Oleh : Puteri Utami, S.P., C.PW
OPINI, berita5.co.id — GUBERNUR Kepulauan Bangka Belitung periode 2017-2022, Erzaldi Rosman, sebagai kontestasi Pemilihan Gubernur Kepulauan Bangka Belitung digiring opini pemberitaan berada di pusaran dua kasus korupsi besar yang seolah menimbulkan perhatian publik.
Kedua kasus ini adalah korupsi tata niaga timah yang diduga merugikan negara Rp300 triliun dan kasus lahan PT Narina Keisha Imani (NKI) seluas 1.500 hektar yang diperkirakan menyebabkan kerugian negara sebesar Rp30 miliar.
Namun, ada beberapa poin penting yang perlu diklarifikasi dan dianalisis lebih lanjut untuk memberikan gambaran yang lebih adil dan berdasarkan hukum.
Analisis Hukum dan Fakta
Pertama, mari kita bahas kasus tata niaga timah yang sedang ditangani oleh Kejaksaan Agung (Kejagung).
Dalam surat dakwaan Jaksa Penuntut Umum (JPU) di Pengadilan Negeri Jakarta Pusat, disebutkan bahwa Erzaldi Rosman, sebagai Gubernur Babel, melakukan pertemuan dengan sejumlah pemilik smelter timah di Hotel Borobudur Jakarta.

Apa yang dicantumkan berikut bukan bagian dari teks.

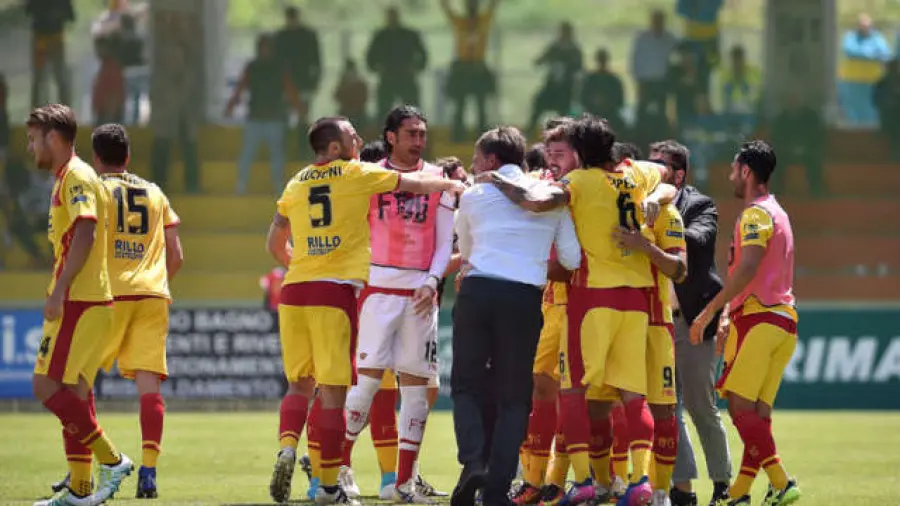Playoff Serie B: Perugia-Benevento, ad un passo dalla finale.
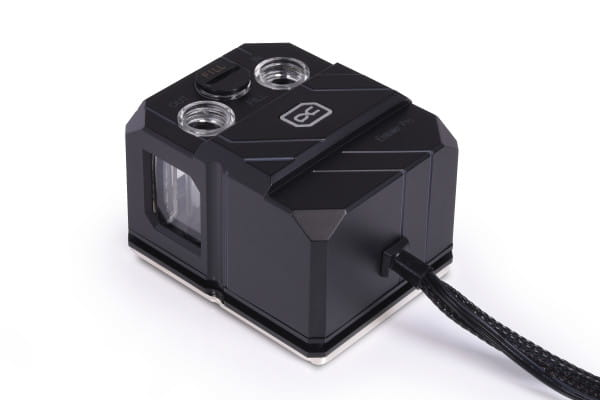 Alphacool Eisbaer Pro Aurora Solo Digital RGB Neuf - vue 2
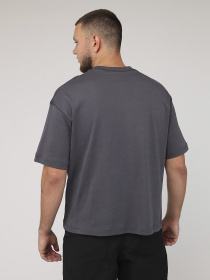 Футболка YUKI модель ЦБ-00282088 Фото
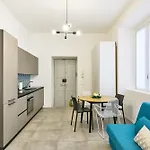Apartmán Il Nido Di Alloro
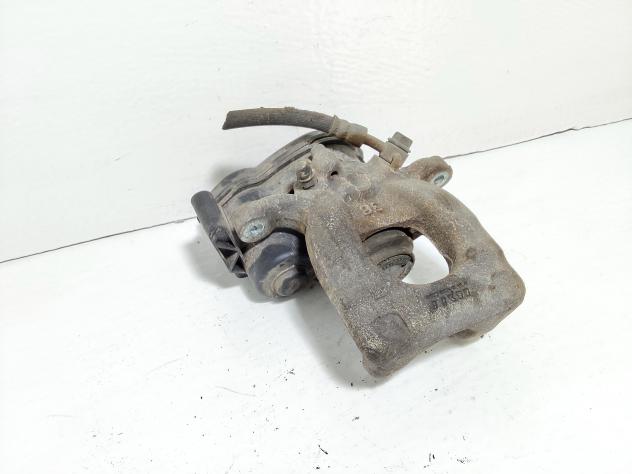 PINZA FRENO POSTERIORE SINISTRA RENAULT Kadjar Serie 440119106R (15) - Foto 2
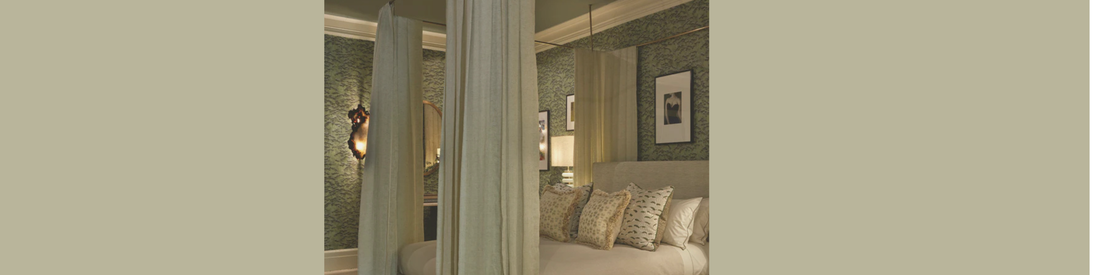 How to Transform your Bedroom with Coving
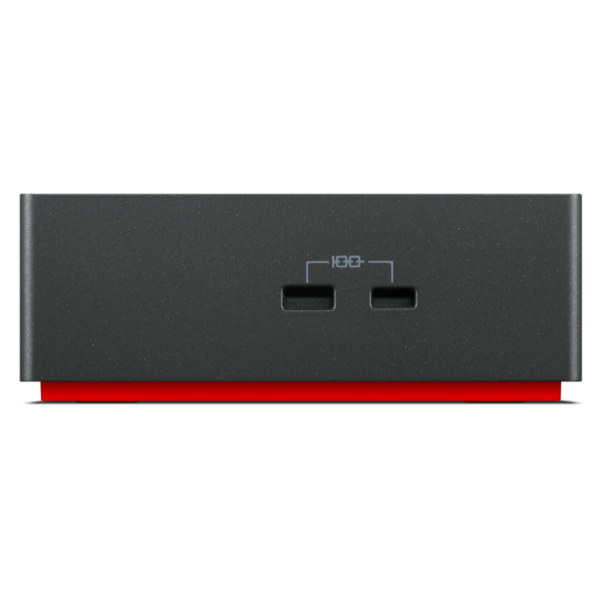 Lenovo USB-C Universal Dock 90W | Klikk Malta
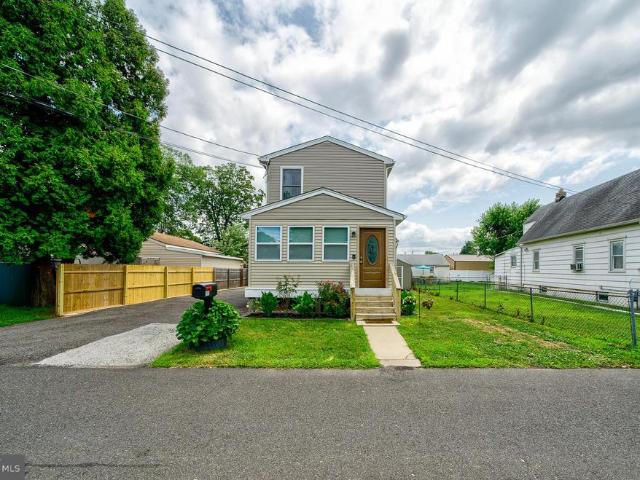House for sale in Bucks, Pennsylvania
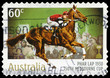 AUSTRALIA - CIRCA 2010 Phar Lap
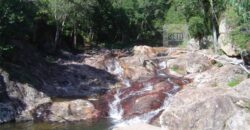 Fazenda São Roque com 96,1 hectares em Gravatal – SC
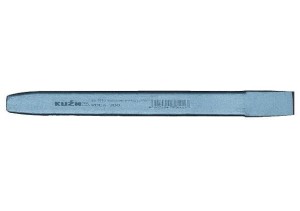 KUŹNIA PRZECINAK ŚLUS.PŁASKI 250mm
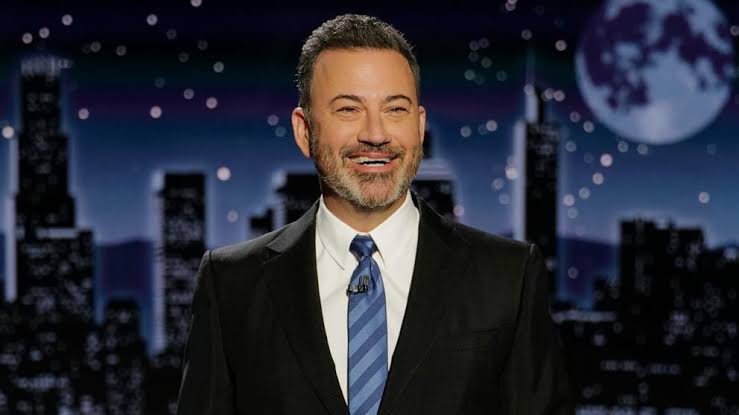 Jimmy Kimmel hints at retiring from talk show: 'I think this is my final  contract' - ABC News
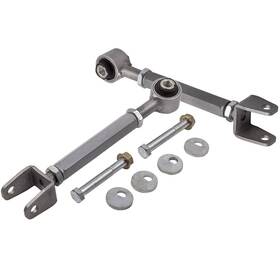 9nzhbi Bfo Control Camber/toe Kit For Nissan 370z 2009-2016 Infiniti G35 G37 M35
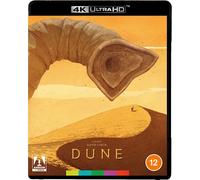Dune (4K UHD Blu-ray)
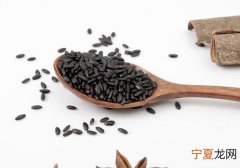 黑米掉色是怎么回事 黑米掉色还能吃吗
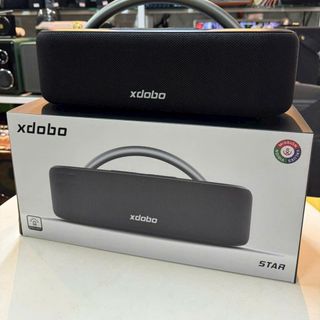 Loa Bluetooth 5.3 XDOBO STAR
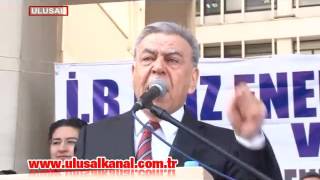 İZENERJİ’de anlaşma sağlandı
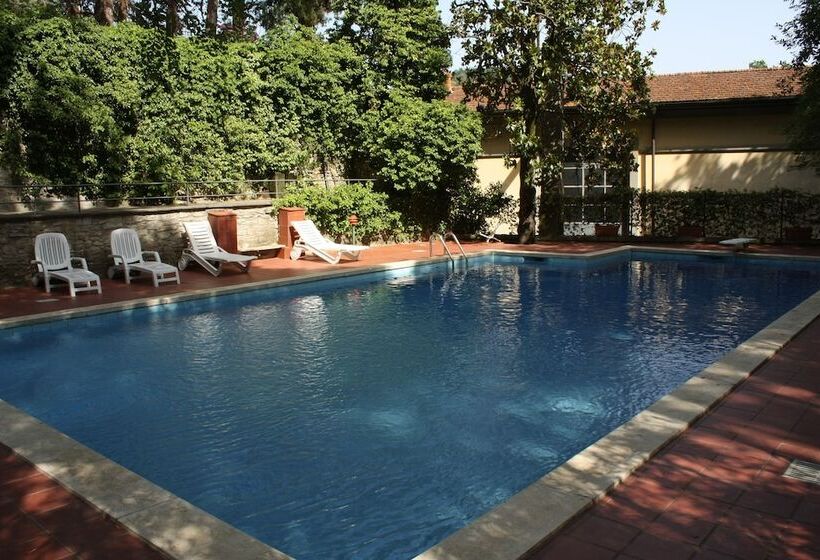 침실 2개 수피리어 아파트, Villa La Nussa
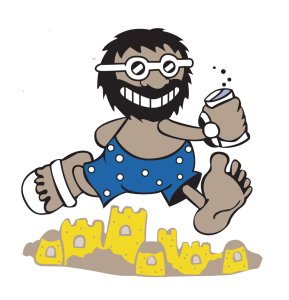 Hilton Head BEACH BUM Triathlon & Duathlon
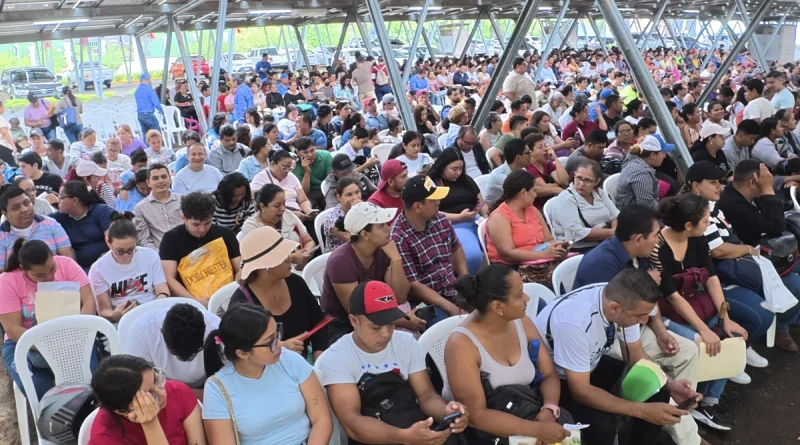 nuevas victorias, revista en vivo, viviendas dignas,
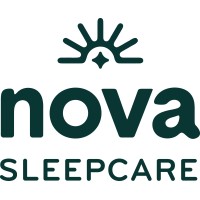 Nova Sleepcare logo - Similar company to Precision Neurodevelopment Lab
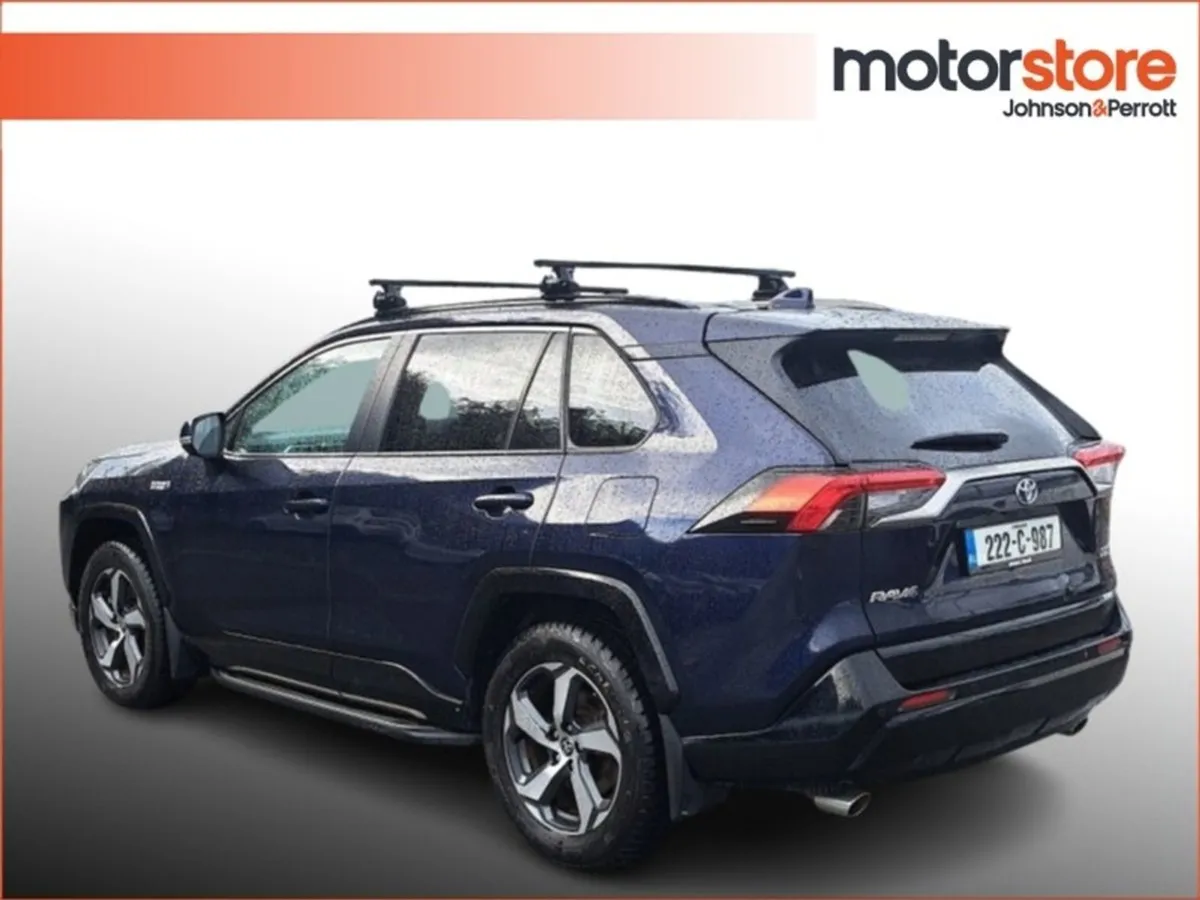 Toyota Rav4 2.5 Hybrid Sol 2WD - Image 2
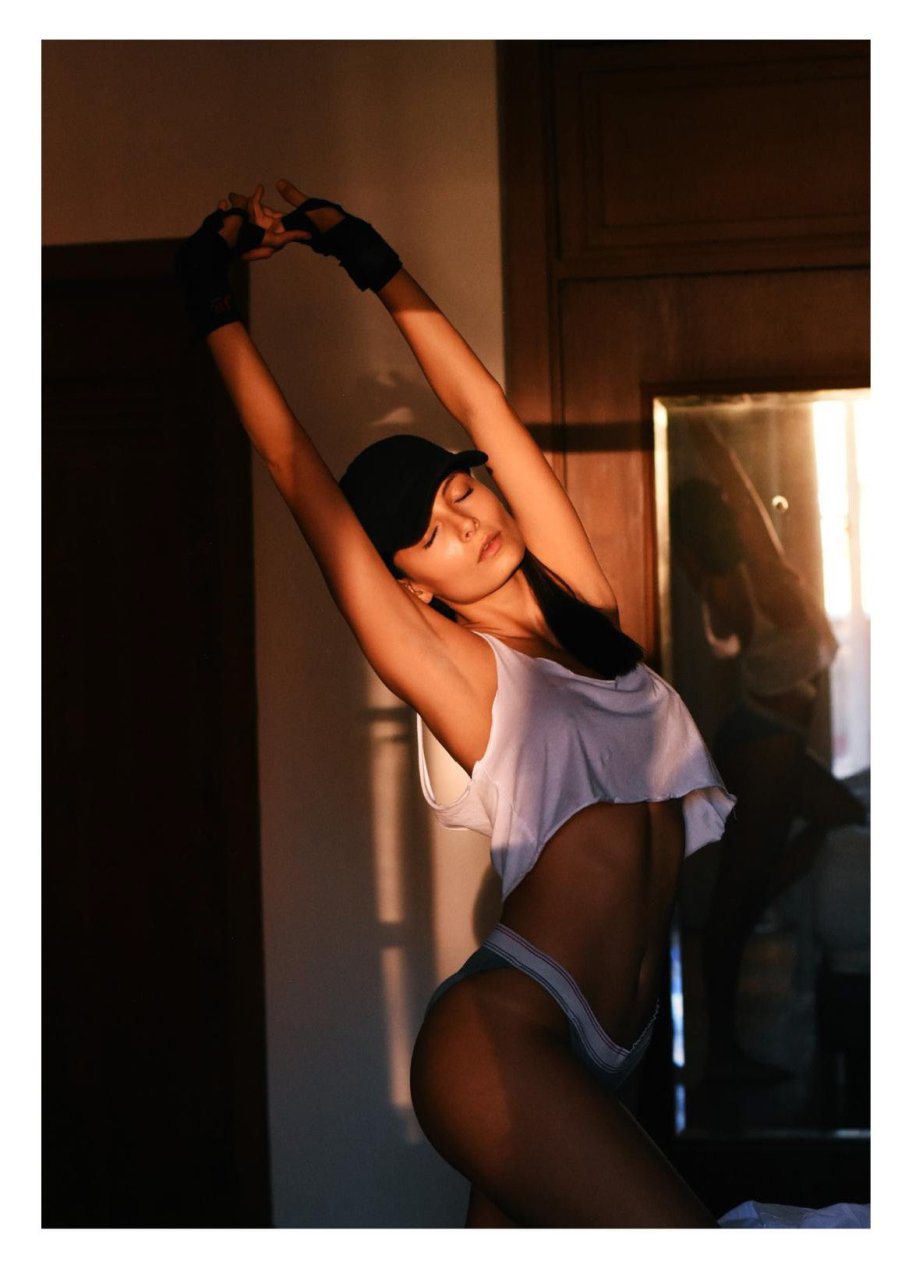 Camila Quintero Sexy & Topless (6 Photos)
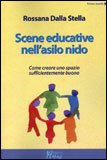 Scene Educative nell'Asilo Nido — Libro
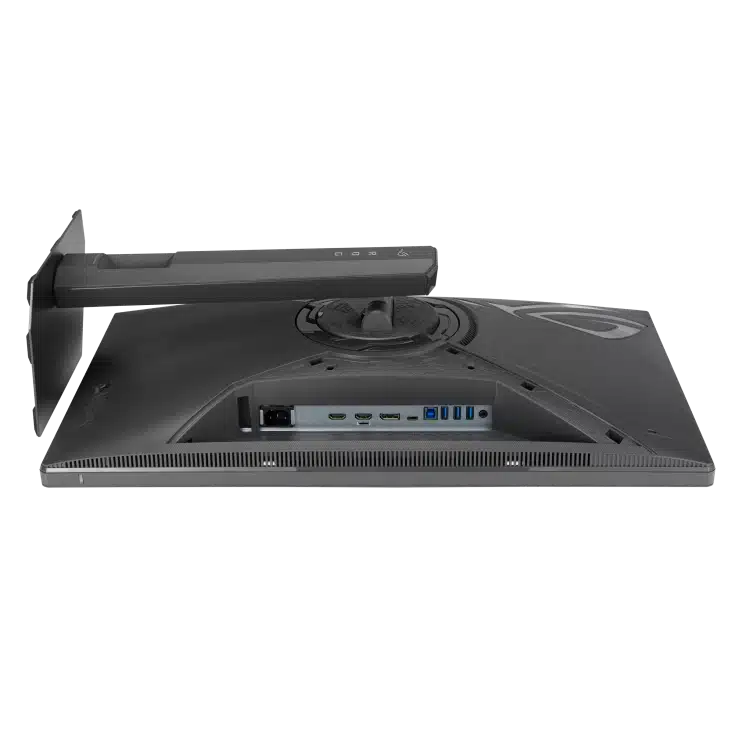 ASUS представи първия в света 5K геймърски монитор с честота на опресняване от 180Hz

Pertemuan ini kemudian dikaitkan dengan terbitnya rencana kegiatan anggaran biaya (RKAB) timah yang dianggap merugikan negara.
Dalam analisis hukum, penting untuk menekankan bahwa setiap tindakan pejabat publik harus dilihat dari konteks dan bukti yang ada.
Menurut Pasal 2 dan Pasal 3 Undang-Undang Nomor 31 Tahun 1999 tentang Pemberantasan Tindak Pidana Korupsi, tindakan yang dapat dikategorikan sebagai korupsi adalah yang dengan sengaja menguntungkan diri sendiri atau orang lain secara melawan hukum dan merugikan keuangan negara.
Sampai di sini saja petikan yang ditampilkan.